They may also experience:
- Loss of self esteem
- An increased chance of taking drugs or alcohol misuse
- Developmental behavioral problems
- Loss of an ability to take care of themselves
- Increased danger of abuse or violence
- Sexual abuse
Impact on the community
A community that has homeless people on the streets where they live and work is not something anyone desires.
To most of us it is an affront to our humanity when we see people living rough. Should it really be happening in an affluent society? Sadly, it is.
However, while many sympathise with the plight of the homeless, the way they are regarded by others can be divisive.
Homeless people are often viewed as violating social norms and offending public sensibilities. The stigma surrounding homelessness means that although the homeless are trapped in public, they are not considered to be part of the public sphere.
Besides their outcast status, the homeless are effectively ‘non-citizens’ in the sense that they are unable to meaningfully participate in any civic or social function.
In that sense, a homeless person is not only without a private space but effectively also without anywhere to go publicly either. Various forms of harassment and violence are an effect of that non-acceptance.
One study on the experiences of homeless people with complex problems, revealed a
- 77 per cent chance that someone could sleep rough
- 53 per cent chance that someone could be involved in street drinking
- 32 per cent chance that someone could beg
- 10 per cent chance that someone could be involved in prostitution.
This cannot help but have a negative impact on the community.
On the taxpayer
Addressing the immediate and long-term costs of homelessness can be significant.

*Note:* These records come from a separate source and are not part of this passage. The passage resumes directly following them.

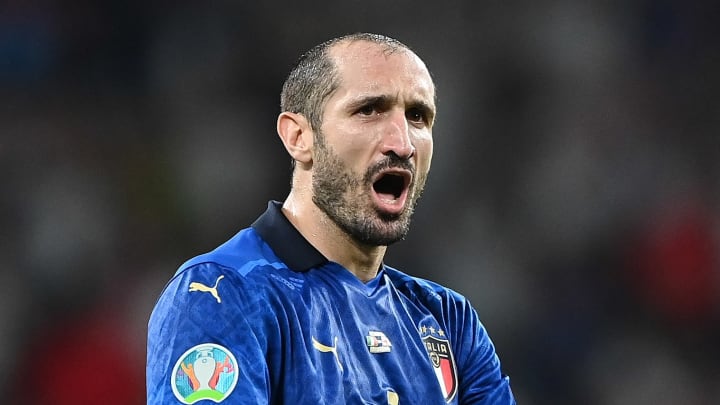 Giorgio Chiellini awaits contract talks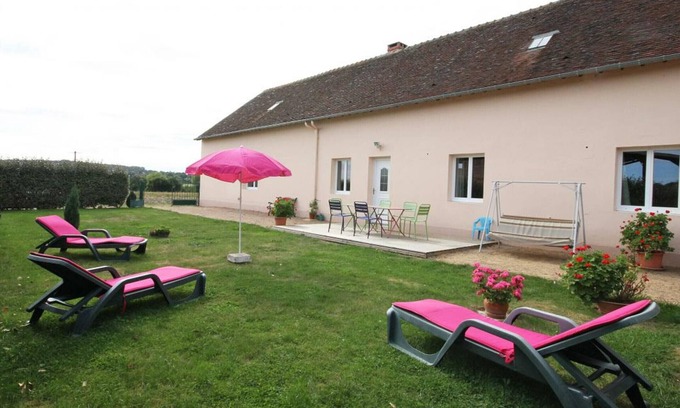 La Chapelle-Souef Cottage | Countryside Retreat: Cozy Home with Garden, Family-Friendly, Close to Scenic Trails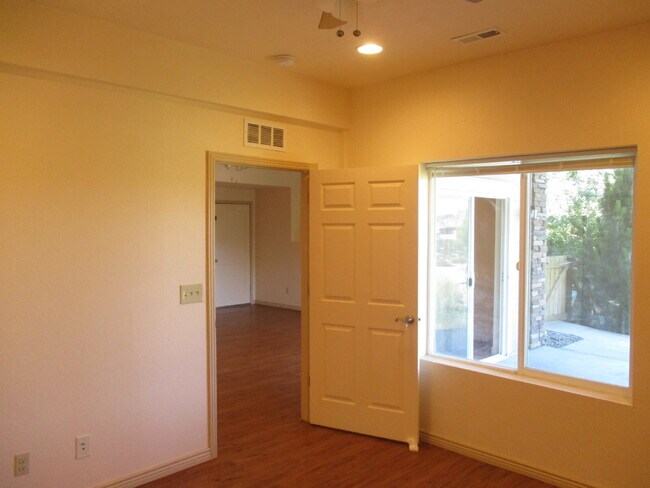 Building Photo - Walkout Basement Apartment - PRICED TO RENT - AVAIL 6/1/26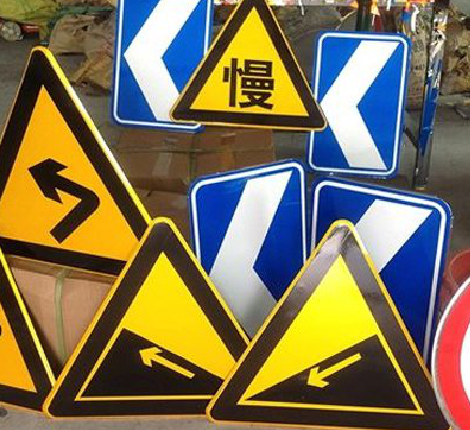  宝兴标识标牌中颜色的确定是很重要的。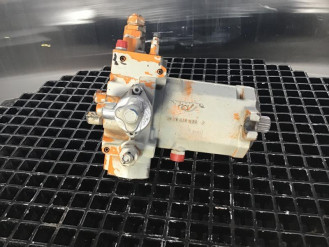 Liebherr HMF075 10007106 Ersatzteil - Drehmotor rent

Putting in place services which prevent homelessness in the first place, and which help people quickly if they find themselves needing support, can help stop these costs escalating.
Research indicates that:
- The average cost of an A&E visit is £147; four out of 10 experiencing homelessness have used A&E in past six months
- £1,668 is the average cost per arrest; seven out of 10 homeless ex-offenders are reconvicted within one year
- £26,000 is the estimated average cost of a homeless person each year to public purse
- £1 billion is the estimated annual cost of homelessness
How is homelessness being tackled?
Most charities working with the homeless understand the complexity of the situation, and while they provide real immediate help, they also work to address the things that cause people to become homeless in the first place.
This includes giving people help with their mental health and addictions, teaching them life skills, helping them find employment and providing affordable housing.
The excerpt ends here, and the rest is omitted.